Per qualcuno le revenue rappresentano “un aiuto importante ma non risolutivo”, ma in fondo è una maniera per mantenere e tramandare un patrimonio artistico che diversamente rischierebbero l’abbandono.
CONTRIBUTI NO, PROGETTI SÌ
Considerato che sembra impossibile l’accesso a fondi specifici di sostegno pubblico per i proprietari e gestori delle dimore – a fronte del mantenimento di un patrimonio storico che è anche collettivo – la sostenibilità del business è cruciale. “La solidità della nostra azienda e una puntuale programmazione ci permettono di affrontare tutti gli interventi necessari al mantenimento di una dimora storica”, precisa Gallina di Ludwig House. Per Francesca di Thiene è invece importante lo stanziamento di un milione di euro da Airbnb che verrà utilizzato per un bando – gestito da Adsi – destinato alla valorizzazione dell’aspetto turistico ricettivo delle strutture. “Decisamente interessante vedere un player internazionale investire in questo modo sull’Italia”, osserva la contitolare del Castello di famiglia. In effetti, la clientela dell’accoglienza nel cuore della storia ha come target principale gli stranieri, che rappresentano la fetta preponderante degli ospiti in cerca del genius loci.
IMPATTO SUL TERRITORIO
La presenza delle dimore storiche accessibili, anzi abitabili, rappresenta dunque un valore per il territorio di riferimento. “Le dimore sono per la metà in Comuni con meno di 20mila abitanti (in molti casi meno di 5mila) – osserva Giovanni da Schio – e questo significa che senza questa presenza quel territorio sarebbe meno frequentato”. E se Francesca di Thiene sottolinea il valore degli archivi storici conservati tra ville e castelli (solo a Thiene sono conservati pezzi dal 1100), i Sagramoso ricordano che esiste anche un indotto prettamente economico intorno alle dimore, tra Horeca, trasporti, teatri e terziario.

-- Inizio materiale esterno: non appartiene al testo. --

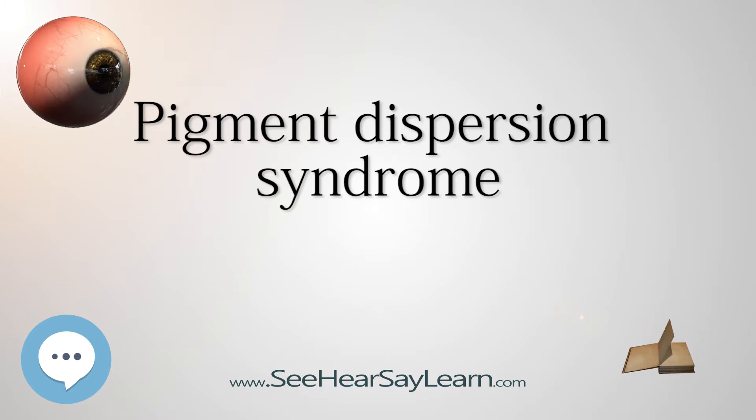If caught early and treated, chances of glaucoma are greatly reduced. Sufferers are often advised not to engage in high-impact sports such as long-distance running or martial arts, as strong impacts can cause more pigment cells to slough off.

Eugenio Gallina considera il recupero e l’apertura al pubblico di una dimora storica “un dono al territorio”, ma con il progetto Ludwig House l’imprenditore alberghiero ha ideato un format che arricchisce le strutture d’epoca con pezzi di design contemporanei e punta ad una personalizzazione del servizio al cliente mirata per valorizzare il soggiorno degli ospiti. “La progettazione – spiega – è fondamentale per essere credibili sia con i proprietari degli immobili sia con gli ospiti. Noi proponiamo una formula che tiene conto di entrambe le relazioni. Studiamo ogni aspetto della destinazione per esaltare le caratteristiche e generare stupore e meraviglia: la scelta di arredi e oggetti, le fragranze dei prodotti da bagno e degli ambienti, le cromie dei fiori. La progettualità si riflette ovviamente anche sul design della customer experience che ha l’obiettivo di raccogliere il maggior numero di indicazioni su esigenze e preferenze dell’ospite sin dal momento della prenotazione”. Perché non bastano le stanze antiche, servono professionalità contemporanee.